The club, a service group that promotes charity and activity in the community, purchases trophies and ribbons for winners and participants.

The tournament gives participants the opportunity to be a part of a team.

“It just helps these kids get out and do something that they don’t get to do,” Ray said. “It helps build character and lets them interact with other people and see different things and see different people.”

Volunteers from within the club organize and run the tournament, but others in the community also help out along with some members of the Seymour High School freshman boys basketball team.

“It’s hard to tell how many because there are a lot coming and going and from different groups,” Ray said.

The freshmen basketball players helped by running scoreboards, taking statistics and even officiating.

“I told them they were needed to help,” coach Dustin George said. “It speaks volumes for their character.”

George said the group had a late night the day before because they were required to cheer on the Owls varsity team in its sectional game against New Albany, but that didn’t stop them from arriving early to help.

“They were here at 8:30 this morning to spend all day doing something for someone else,” he said.

Brycen Baugh, a member of the team, officiated some games and said simply seeing the players take part in the game was fun.

“It’s a good experience just to see these guys get out here and play,” he said. “They don’t get to play as much as we do, so it’s a really good time.”

His teammate, Brandon Hubbard, agreed.

“It’s fun to see how they talk to each other, and they’re all friends,” he said. “Even if someone gets knocked down, they’re all helping them get back up, even if they’re not on the same team.”

Ray said having the volunteers there to keep stats, officiate, run the scoreboard and serve as announcers completes the experience of a tournament. The tournament also builds the participants up.

“These kids talk about this for three or four weeks leading up to it,” he said. “If we didn’t offer it, there wouldn’t be a morale builder.”

George said that’s why he said yes when the organization reached out to him to ask for volunteers. Service to the community is a priority and something they try to instill in the program, he said.

“Anything you can do to get them involved in a servant’s mentality is something that we try to push,” he said.

The fact that members of the team were so willing to help their community is a testament to the kind of well-rounded athletes Seymour has, he added.

“This is a game they love so much, and I think it can be easy to take for granted, and I think there’s a lesson in there for them,” George said.
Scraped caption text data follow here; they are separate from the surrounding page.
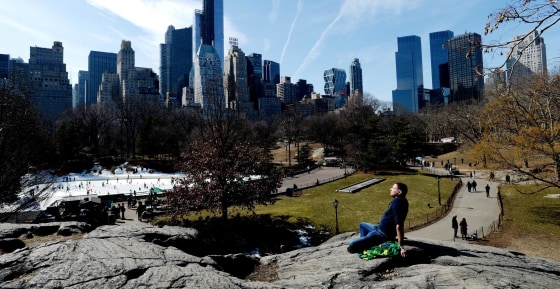 Roberto Serrano, of New York, sunbathes while sitting in Central Park in New York City on March 11, 2014.
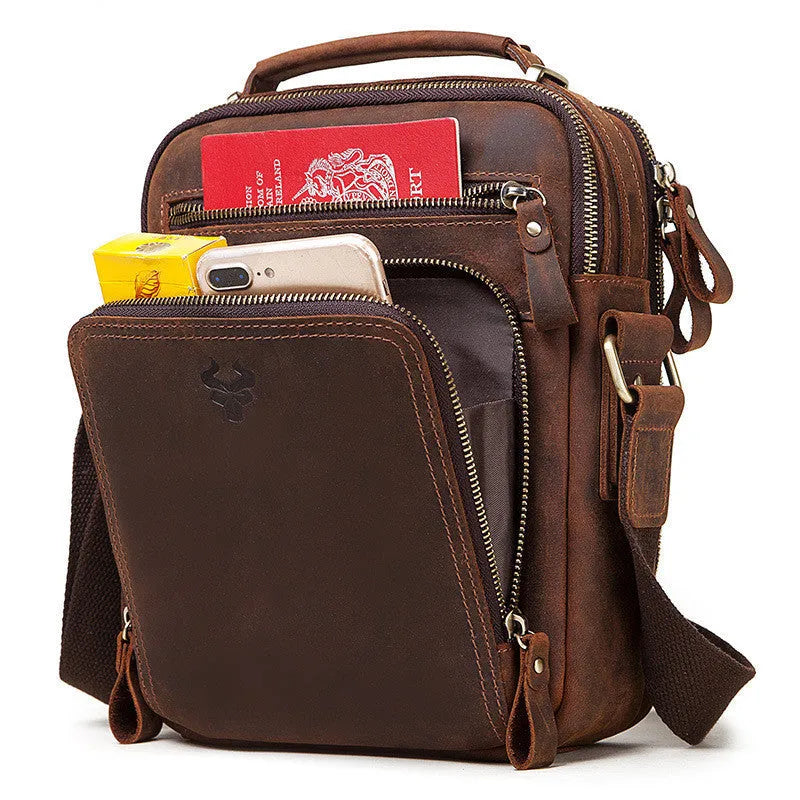 Men's brown Crazy Horse leather crossbody bag with single shoulder strap showing visible sewing lines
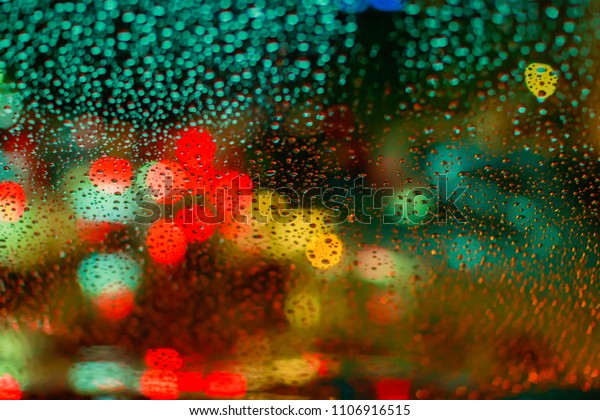Drops\
Of Rain Water In Night Or Evening Street Lights On Red Glass\
Background. Street Bokeh Boke Lights Out Of\
Focus.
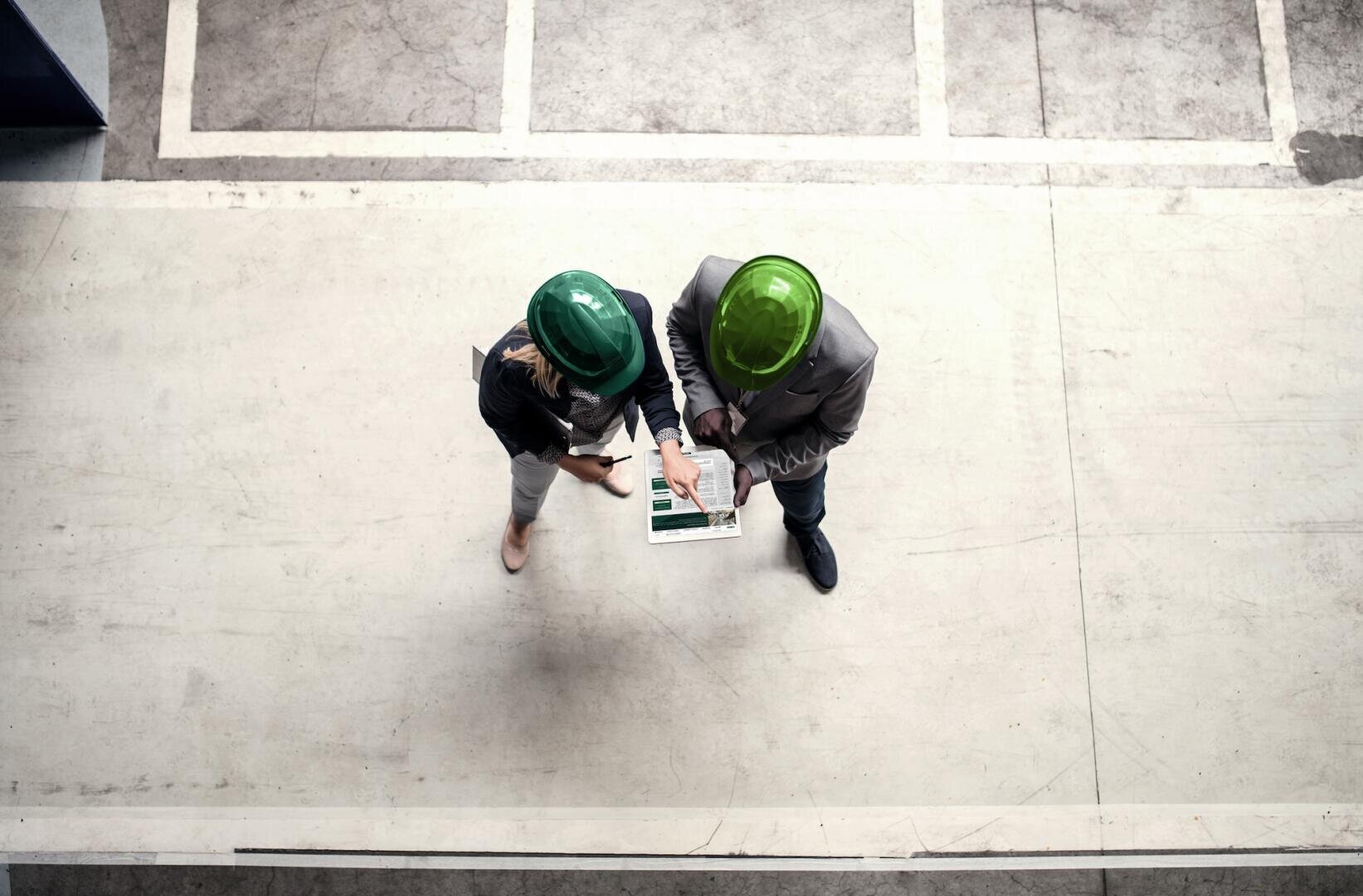 Zwei Personen mit grünen Schutzhelmen prüfen Dokumente oder Pläne auf einem Klemmbrett, während sie auf einem Betonboden stehen, von oben gesehen in einer Industrie- oder Bauumgebung.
Giving back is something Hubbard said he is interested in, which is why he jumped at the opportunity.

“I like doing it,” he said. “I genuinely want to help.”

When asked why, Hubbard pointed to helping those who do not get to experience games as frequently as he and his teammates.

“It’s just to help other people that don’t have the advantages that we do,” he said during a break from helping participants with drills. “It’s probably their only time to really play basketball, and I like to give back.”

Baugh said it was fun to see them participate in the sport he and his teammates spend so much time playing, whether during practice, a game or for fun.

“Our team practices every day and have games all throughout the season, but players here today may not get to play basketball as often, and it’s really fun to see them have a good time while playing,” he said.

But the best part is seeing a player hit a shot and their reaction when they’ve been struggling to make one.

“It’s really good because they get so excited, and it’s really fun to see that,” Baugh said. “Everybody loves to play basketball, and when they shoot it and make it, everyone is happy for them. Everyone is cheering them on.”

That’s why the club hosts the event and what makes the game of basketball important, Ray said.

“They turn around and you see this big smile on their face or they put their hand in the air and get the crowd working,” he said. “It makes them feel good, and that’s what this is all about.”

The tournament normally is conducted on a Saturday in early January each year, but it was moved to February because of inclement weather.